The video can show what the car did, not why every internal model output produced that motion. The visible result was heavy braking, limited room to move and no head-on crash, while the driver remained responsible for supervising the system.
Tesla’s collision-avoidance documentation makes another crucial distinction. Automatic Emergency Braking is designed to reduce the force of a collision by lowering vehicle speed when the system judges an impact to be unavoidable.
It is not promised as a way to prevent every collision. Tesla says the amount of speed reduction depends on factors that include the vehicle’s speed and the surrounding environment.
The owner’s manual also says the system is meant to reduce impact severity, not guarantee avoidance. A moving animal entering the lane at the last moment is exactly the kind of event where physics can leave very little distance to work with.
That makes the speed reduction in this clip meaningful without turning it into a flawless-autonomy victory. The dog was still hit, and the driver’s later care is part of the story too.
Tesla shared a much cleaner animal encounter on Sunday, with FSD Supervised braking for a deer through direct sunlight.
FSD Supervised saved a deer because it was able to see through direct sunlight https://t.co/YRhieXOhIt
— Tesla (@Tesla) July 12, 2026
The two clips are not interchangeable.

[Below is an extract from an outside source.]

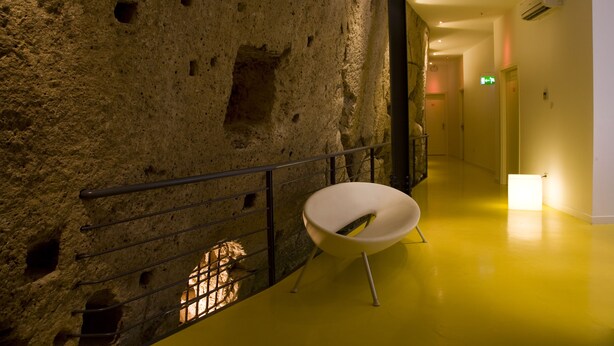 Un pasillo con pared de piedra texturizada, una silla moderna y suelo amarillo.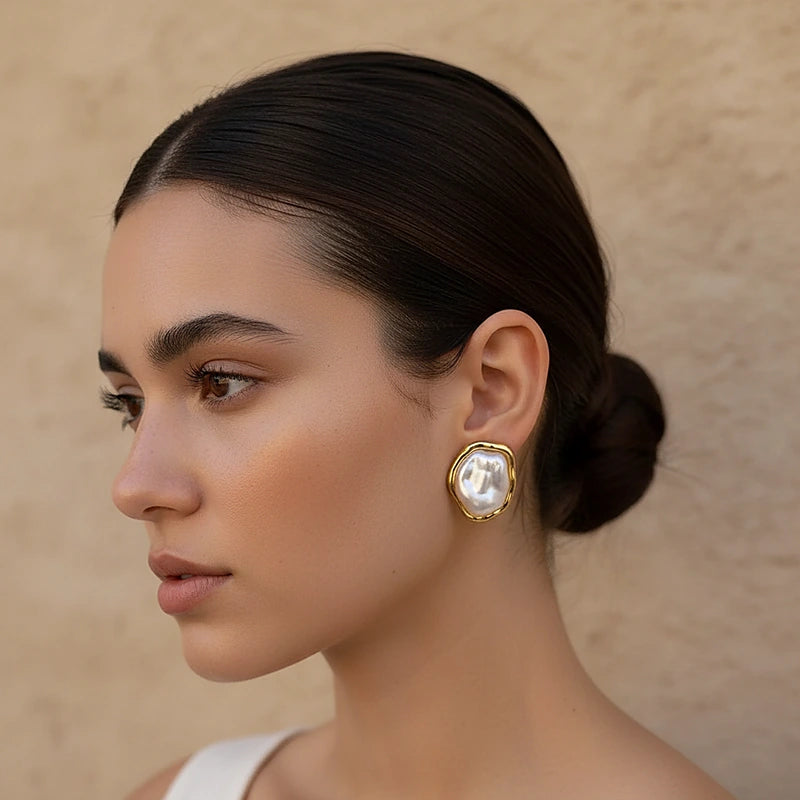 Boucles d'oreilles perles baroques dorées portées, gros plan sur l'oreille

The deer was visible in a different road layout, while the Kentucky dog appeared at close range with another vehicle already occupying the obvious escape lane.

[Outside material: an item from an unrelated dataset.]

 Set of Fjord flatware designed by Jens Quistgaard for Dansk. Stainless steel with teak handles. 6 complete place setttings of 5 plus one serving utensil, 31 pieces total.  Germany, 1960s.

That is what makes the Kentucky footage so revealing.
A useful driver-assistance system needs clean stops when clean stops are possible. It also needs to cut speed and avoid turning one unavoidable impact into a wider crash when the road offers no good option.
The dog surviving the immediate incident and receiving veterinary care is the best news in a terrible moment.
No honest reading can call this perfect autonomy. It can show that the Model 3 reacted quickly, shed substantial speed and stayed out of the oncoming vehicle’s path.